The Athenians were pious in the extreme, and throughout the period that initiation was limited to that race the reputation of Eleusis was maintained, although pilgrims from various and remote parts of the world visited it at the season of the Mysteries. When the Eleusinian Mysteries were taken to Rome, as they were in the reign of Hadrian, they contracted impurities and degenerated into riot and vice; the spirituality of their teachings did not accompany the transference or it failed to be comprehended. Although the forms of initiation were still symbolical of the original and noble objects of the institution, the licentious Romans mistook the shadow for the substance, and while they passed through all the ceremonies they were strangers to the objects for which they were framed.

In A.D. 364, a law prohibiting nocturnal rites was published by Valentinian, but Praetextatus, whom Julian had constituted governor of Achaia, prevailed on him to revoke it, urging that the lives of the Greeks would be rendered utterly unsupportable if he deprived them of this, their most holy and comprehensive festival. Much has been made by some writers of the fact that the ceremonies were held at night, but in the early days of Christianity also it was the custom for Christians to forgather either at night or before daybreak, a circumstance which led to their assemblies being known as antelucani and themselves as lucifugæ or "light-haters," by way of reproach. About the beginning of the fifth century Theodosius the Great prohibited and almost totally extinguished the pagan theology in the Roman Empire, and the Eleusinian Mysteries suffered in the general destruction. It is probable, however, that the Mysteries were celebrated secretly in spite of the severe edicts of Theodosius and that they were partly continued through the dark ages, though stripped of their splendour. It is certain that many rites of the pagan religion were performed under the dissembled name of convivial meetings, long after the publication of the Emperor's edicts, and Psellius informs us that the Mysteries of Ceres existed in Athens until the eighth century of the Christian era and were never totally suppressed.
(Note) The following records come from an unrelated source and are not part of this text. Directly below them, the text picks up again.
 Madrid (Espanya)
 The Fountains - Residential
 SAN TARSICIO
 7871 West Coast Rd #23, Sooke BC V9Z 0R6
The Festival of the Greater Mysteries—and this was, of course, by far the more important—began on the 15th of the month of Boedromion, corresponding roughly with the month of September, and lasted until the 23rd of the same month. During that time it was unlawful to arrest any man present, or present any petition except for offences committed at the Festival, heavy penalties being inflicted for breaches of this law, the penalties fixed being a fine of not less than a thousand drachmas, and some assert that transgressors were even put to death.